De nombreuses espèces d'insectes xylophages colonisent les hêtres affaiblis ou dépérissants : des scolytes, des buprestes ainsi que des longicornes. Certains creusent des galeries souscorticales, tel le petit scolyte du hêtre (Taphrorychus bicolor) alors que d'autres accèdent au bois profond.
Pathologies du collet et des racines
Dans la partie basse des troncs et sur les racines, des infections à Phytophthora sont possibles. Phytophthora cambivora génère des écoulements d'un noir goudronneux sur les écorces, associés parfois à des nécroses sous-corticales des tissus. Mais le dépérissement des hêtres touchés n'est pas systématique. Phytophthora ramorum récemment identifié en France sur la strate arbustive est susceptible d'affecter durement le hêtre ainsi que le chêne. Son développement dans nos régions pourrait avoir de redoutables conséquences sur ces essences.
Le développement du pourridié à armillaire (Armillaria mellea) est associé à un état de faiblesse de l'arbre ou à une modification brutale de son environnement. Le champignon se développe dans la zone sous-corticale des racines et entraîne le dépérissement rapide de son hôte (« cambial killer »).
Champignons lignivores actifs
Sur les végétaux morts sur pied, des fructifications de l'amadouvier officinal (Fomes fomentarius) surgissent fréquemment. Ce champignon lignivore présent parfois sur des vieux arbres bien vivants est responsable d'une pourriture blanche fibreuse du bois profond pouvant fragiliser les troncs contaminés. Le polypore soufré (Laetiporus sulfureus) provoque une active pourriture rouge cubique dans les troncs. Le phellin tacheté (Phellinus punctatus) s'installe à la faveur d'une plaie de taille ou d'un ancien chicot de branche et développe ses fructifications plaquées sur les écorces. Il déclenche une active pourriture blanche du bois. La pourriture alvéolaire engendrée par l'ustuline brûlée (Kretzschmaria deusta) est réputée très active et mal compartimentée dans les tissus. Des ruptures d'arbres sont possibles. Plusieurs espèces de ganodermes (Ganoderma adspersum, G. pfeifferi...) peuvent affecter les mâts racinaires et le collet des hêtres. Enfin, les touffes très volumineuses du polypore géant (Meripilus giganteus) s'installent spécifiquement sur les mâts racinaires des vieux arbres dont le champignon peut altérer la stabilité.
Pierre Aversenq
Les adultes de la cicadelle du hêtre (Fagocyba cruenta) de teinte jaune clair s'échappent énergiquement en sautant des feuilles colonisées.
Le puceron laineux (Phyllaphis fagi) se fait remarquer par ses sécrétions blanches pelucheuses.
Les galles occasionnées par la cécidomyie des feuilles de hêtre (Mikiola fagi) hébergent les asticots blancs et dodus de l'insecte. Même en nombre, ces protubérances n'affectent pas les arbres.

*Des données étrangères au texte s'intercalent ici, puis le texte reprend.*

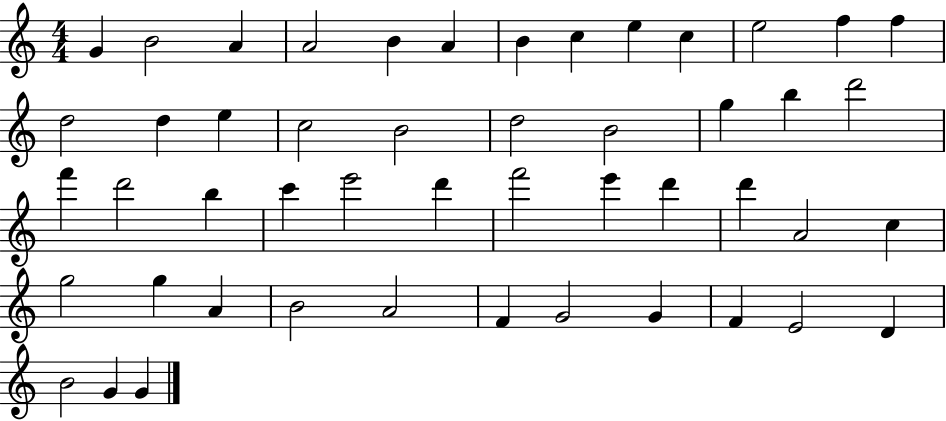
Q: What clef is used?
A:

La galéruque de l'aulne (Agelastica alni) convoite le feuillage du hêtre.
De vieux sujets mis subitement « en lumière » après une éclaircie du peuplement ou l'abattage d'un arbre voisin peuvent rapidement dépérir à la suite d'échaudures.
Nectria ditissima génère des boursouflures et des gonflements irréguliers sur les jeunes troncs et les branches qui dépérissent parfois.

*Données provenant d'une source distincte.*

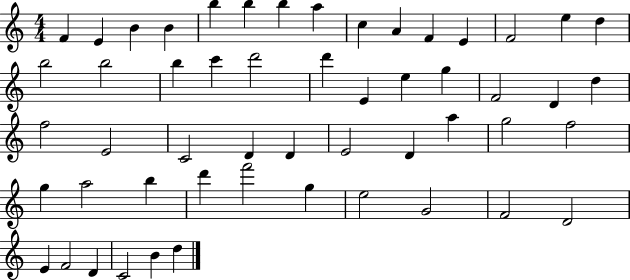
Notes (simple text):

F4/q E4/q B4/q B4/q B5/q B5/q B5/q A5/q C5/q A4/q F4/q E4/q F4/h E5/q D5/q B5/h B5/h B5/q C6/q D6/h D6/q E4/q E5/q G5/q F4/h D4/q D5/q F5/h E4/h C4/h D4/q D4/q E4/h D4/q A5/q G5/h F5/h G5/q A5/h B5/q D6/q F6/h G5/q E5/h G4/h F4/h D4/h E4/q F4/h D4/q C4/h B4/q D5/q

Phytophthora cambivora génère des écoulements d'un noir goudronneux sur les écorces.
Nectria coccinea provoque un grave dépérissement de l'arbre.
Le phellin tacheté développe ses fructifications plaquées sur les écorces, de teinte ochracée, difficiles à repérer.
Les fructifications de l'ustuline brûlée (Kretzschmaria deusta) apparaissent au collet des vieux hêtres, entre les contreforts racinaires.